Становой вздёрнул голову и взмахнул нагайкой.
— Молчать, скоты! Не торопитесь ложиться под розги: каждый дождётся своей очереди.
Земский, как идол, стоял перед толпою выше всех, и фуражка его поворачивалась в разные стороны.
— Значит, так… — заговорил он властным голосом. — Значит, решили заняться самоуправством — пограбить чужой хлеб. Не эти ли негодяи и шарлатаны подзудили вас расхищать муку и зерно у Стоднева?

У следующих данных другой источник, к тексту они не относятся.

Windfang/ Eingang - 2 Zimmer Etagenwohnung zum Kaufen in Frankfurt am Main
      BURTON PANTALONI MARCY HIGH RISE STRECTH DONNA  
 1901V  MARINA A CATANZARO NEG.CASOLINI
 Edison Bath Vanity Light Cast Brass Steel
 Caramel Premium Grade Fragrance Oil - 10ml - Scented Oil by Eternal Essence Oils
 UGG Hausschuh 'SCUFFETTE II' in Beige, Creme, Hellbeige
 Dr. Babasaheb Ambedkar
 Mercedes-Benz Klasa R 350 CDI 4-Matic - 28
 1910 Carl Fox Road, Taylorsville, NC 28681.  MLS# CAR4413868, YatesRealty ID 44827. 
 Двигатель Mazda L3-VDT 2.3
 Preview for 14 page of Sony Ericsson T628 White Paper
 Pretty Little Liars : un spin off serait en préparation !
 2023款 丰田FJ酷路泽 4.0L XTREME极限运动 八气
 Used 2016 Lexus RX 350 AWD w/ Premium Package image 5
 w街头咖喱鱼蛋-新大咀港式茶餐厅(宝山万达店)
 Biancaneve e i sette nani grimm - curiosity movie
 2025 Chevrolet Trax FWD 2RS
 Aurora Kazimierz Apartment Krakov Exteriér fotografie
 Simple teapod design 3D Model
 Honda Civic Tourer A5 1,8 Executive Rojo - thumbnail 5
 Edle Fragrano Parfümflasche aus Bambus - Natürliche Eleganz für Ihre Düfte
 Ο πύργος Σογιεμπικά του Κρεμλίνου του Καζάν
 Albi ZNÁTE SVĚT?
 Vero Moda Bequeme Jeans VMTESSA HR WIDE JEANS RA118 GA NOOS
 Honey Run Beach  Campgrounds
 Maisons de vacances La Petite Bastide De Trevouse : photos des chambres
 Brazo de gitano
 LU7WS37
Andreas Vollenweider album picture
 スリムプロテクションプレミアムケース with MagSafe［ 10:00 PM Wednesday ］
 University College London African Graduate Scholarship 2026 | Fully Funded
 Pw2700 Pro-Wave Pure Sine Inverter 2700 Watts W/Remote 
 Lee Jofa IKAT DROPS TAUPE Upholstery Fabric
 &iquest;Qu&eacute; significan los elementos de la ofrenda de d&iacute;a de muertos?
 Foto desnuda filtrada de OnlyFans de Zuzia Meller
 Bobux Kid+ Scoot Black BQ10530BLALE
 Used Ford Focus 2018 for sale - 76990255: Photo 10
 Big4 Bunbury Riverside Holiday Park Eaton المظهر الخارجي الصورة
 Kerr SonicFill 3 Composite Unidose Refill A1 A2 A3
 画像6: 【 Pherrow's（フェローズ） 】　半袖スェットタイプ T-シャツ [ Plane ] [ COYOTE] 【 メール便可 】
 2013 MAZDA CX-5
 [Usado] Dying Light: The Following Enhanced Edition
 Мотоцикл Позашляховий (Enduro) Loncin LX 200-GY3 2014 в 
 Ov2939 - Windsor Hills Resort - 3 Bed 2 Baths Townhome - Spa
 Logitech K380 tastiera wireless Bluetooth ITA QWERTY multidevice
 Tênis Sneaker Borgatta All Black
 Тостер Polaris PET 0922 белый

Он тяжёлой рукой указал на Тихона с Филаретом.
Олёха с судорогой в лице крикнул:
— Мы — негодяи, шарлатаны, а Стоднев — хороший? Аль тем хорош, что нас грабил? А чей хлеб на барыши от голодающих в город отвозил?
Земский опять промычал:
— Запомним.
Становой оглянулся на урядника и скомандовал:
— Взять его! Проучить в первую голову.
Но земский толкнул его в плечо.
— Подождите, становой, не волнуйтесь.
Олёха не спрятался в толпу, а стал боком к начальству и насупился ещё угрюмее. Вероятно, он чувствовал себя в безопасности, сдавленный телами мужиков. Становой таращил на него жёлтые белки и корчил свирепо угрожающие рожи. В присутствии князя Васильчикова он обуздывал себя.
Тихон подошёл легко, с весёлой и вызывающей усмешкой, словно не его гнали урядники, а он тащил их за шиворот. Филарет исподлобья глядел на толпу, но как будто не видел её.
Тихон, взъерошенный, с синим кровоподтёком под глазом, с улыбкой кивал головой мужикам и, не обращая внимания на начальство, подмигивал кому‑то в толпе.
Кузярь вскочил на колени, подполз к самому краю крыши и крикнул срывающимся голосом:
— Не робей, дядя Тихон!
Эта его смелость заразила меня: я подскочил к нему и тоже крикнул:
— Оттолкни урядников‑то, дядя Тиша!
Миколька яростно шикнул и дёрнул нас за ноги.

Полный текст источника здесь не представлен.